Sitting comfortably in Buhera and holding on to their language and culture after almost a century Chief Gwebu-Fish’s tribe has been the subject of many theories – often misinformed by a history of tribal wars that were ragging before colonialism.

They thus are often viewed as a remnant of a pillaging regiment that either got greedy or decided against returning with its loot or repented and decided against going back after their infamous raids of the Shona.

Neither is true.

Their story shows the beauty of Zimbabweans’ acceptance and tolerance of each other as a people.

These came as fellow peace-loving countryman in need of space away from incessant disruptions of their lives by white settlers in 1927 from Isigodini, says Chief Gwebu-Fish.

The Chief is the 8th since they were allocated their small portion of land by Chief Makumbe.

“We came here from near Isigodini town where we were constantly being disturbed by white settler activities and we decided to move as far away as possible from them ending up here in Manicaland.

“We were welcomed by Chief Makumbe who gave us the land we currently have,” he said.

He however said some groups of his people went on to settle under other chiefs across Buhera with a significant community under Chief Chimombe in Mlandeni.

Settled in swampy soils Chief Gwebu-Fish said they chose these as they were similar to the land they had back in Isigodini and this perhaps limited conflict with locals who had no use for the watery plains.

“We chose swampy areas which locals didn’t want. We knew the soils were rich because of our experience working them back in Isigodini,” he said adding that he they were equipped with specialised ploughs and cultivators and would “have up to 12 cattle drawing the plough” – a monstrosity among locals even to date.

Buhera’s infamous drought induced hunger is not as common place here as for the rest of the district, the Ndebele chief says adding that they often would experience hunger due to too much rainfall instead.

“Our area is not as bad as the rest of the district but on occasion we fail to have fair harvests because of too much rainfall as with last year,” he said.

“While others move in soon after a down pour it can take us up to 3 weeks to move into the fields,” Chief Gwebu-Fish said adding though that the area has good water retention.

Confined only to one ward just off the Murambinda-Chivhu highway Ndebele’s are the predominant population in four of the six villages under him, he told maDzimbahwe Explorer.

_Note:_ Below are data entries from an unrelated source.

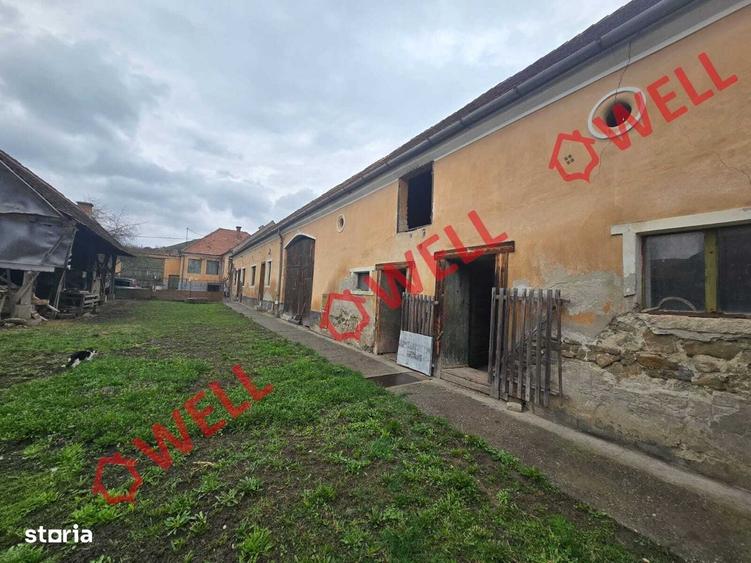 Casă cu 4 camere în Ormeniș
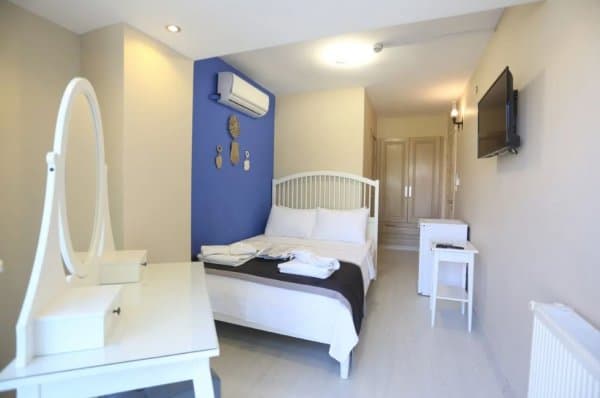 Havuz Manzaralı Balkonlu Oda 2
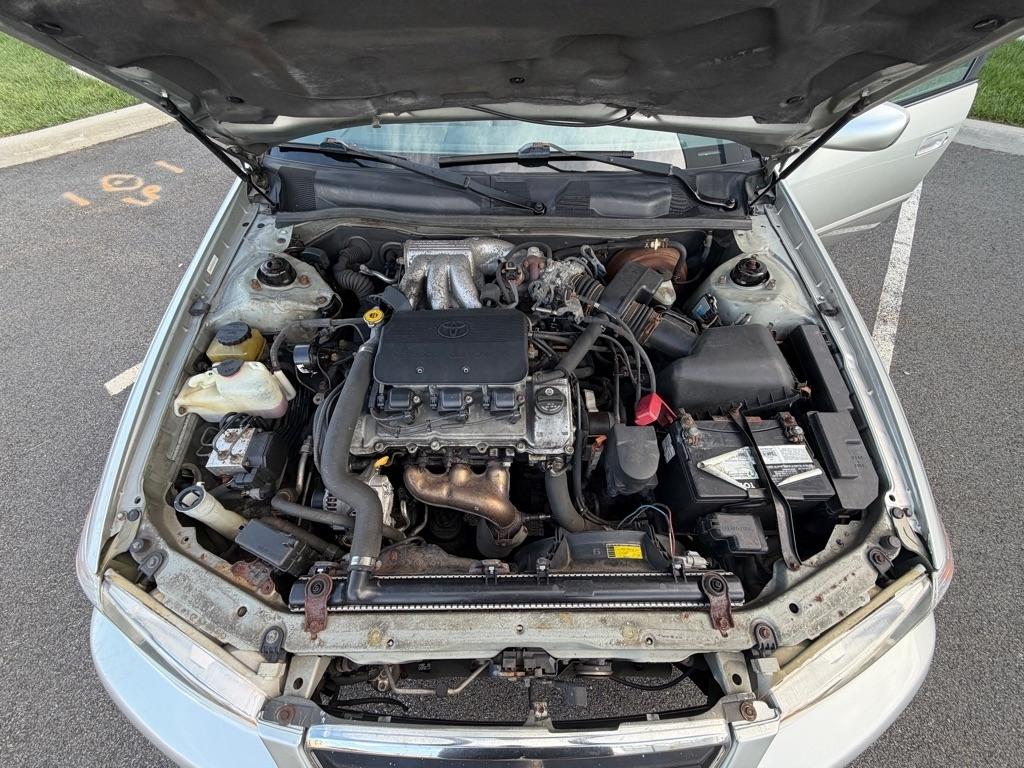 Toyota Camry XLE V6 2001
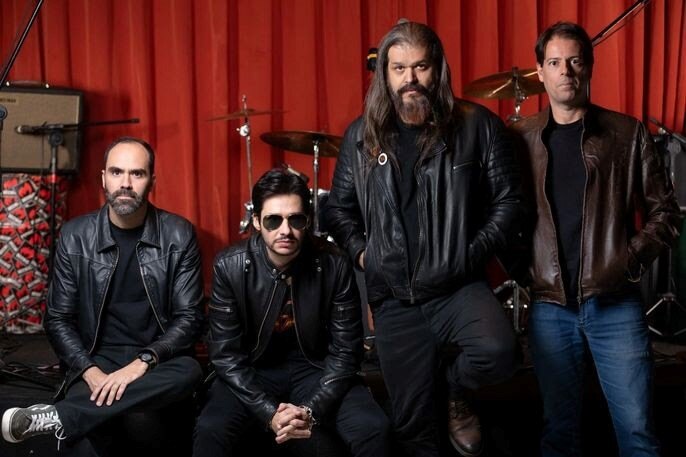 Insanidade transforms cult horror into rock in the music video “Black Thunder”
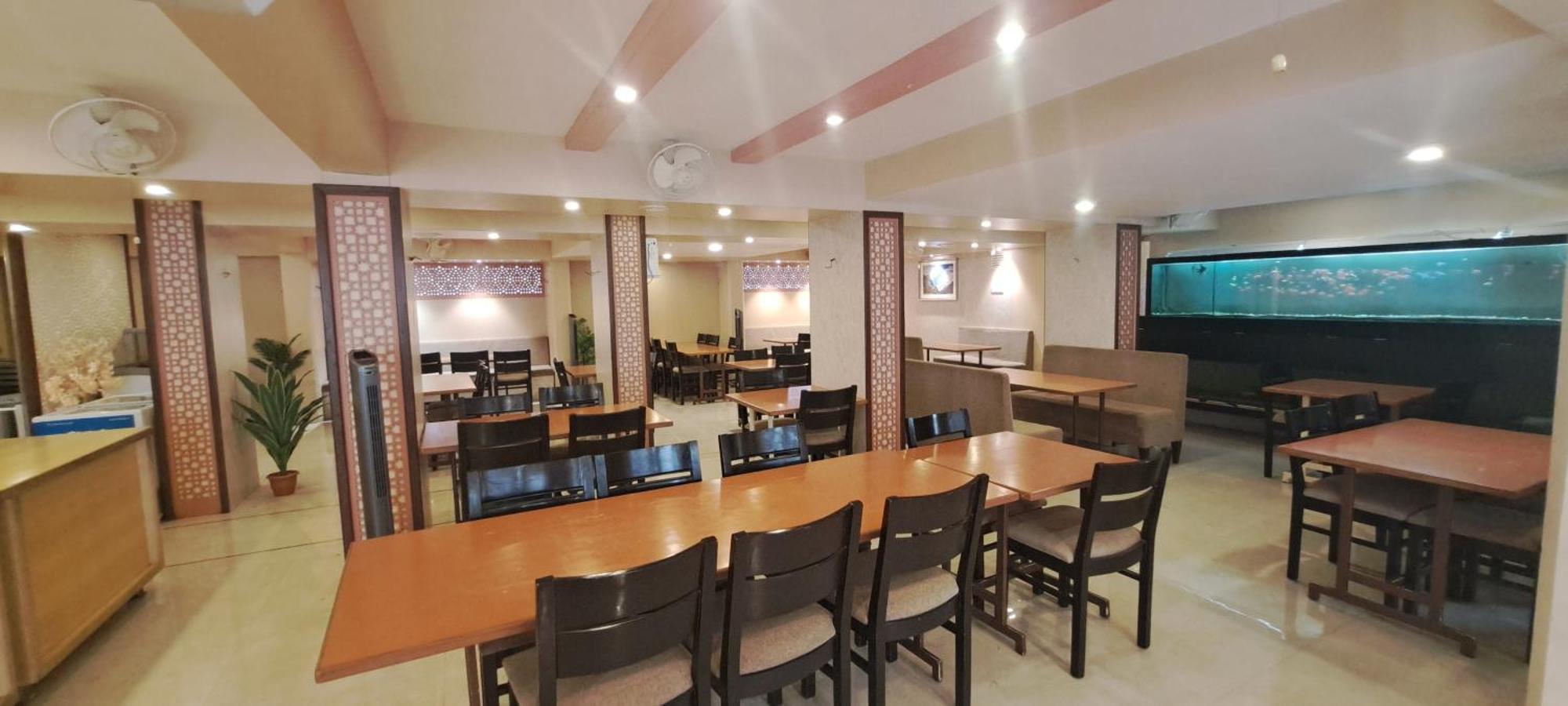 Hotel Swaroop Pune Ngoại thất bức ảnh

The middle-aged Chief said while he never learnt Ndebele in school they have managed to hang onto their language and culture as it is the language they use in the home.

“We used Ndebele in the home but learnt Shona at school. I personally never learnt my language in school but l can speak, read and write it,” he said.

However this has changed of late as Ndebele has now been introduced at Gwebu primary school.

And they remain a symbol of success and hope for any people who are intent on preserving their language and culture even against all odds.

 

1 reply »

  1. A nation with out an identity is just as good as a dead one. We salute chief Gwebu for having to uphold the ndebele culture for decades. Further research should be done on how they have managed to preserve cultural norms and values.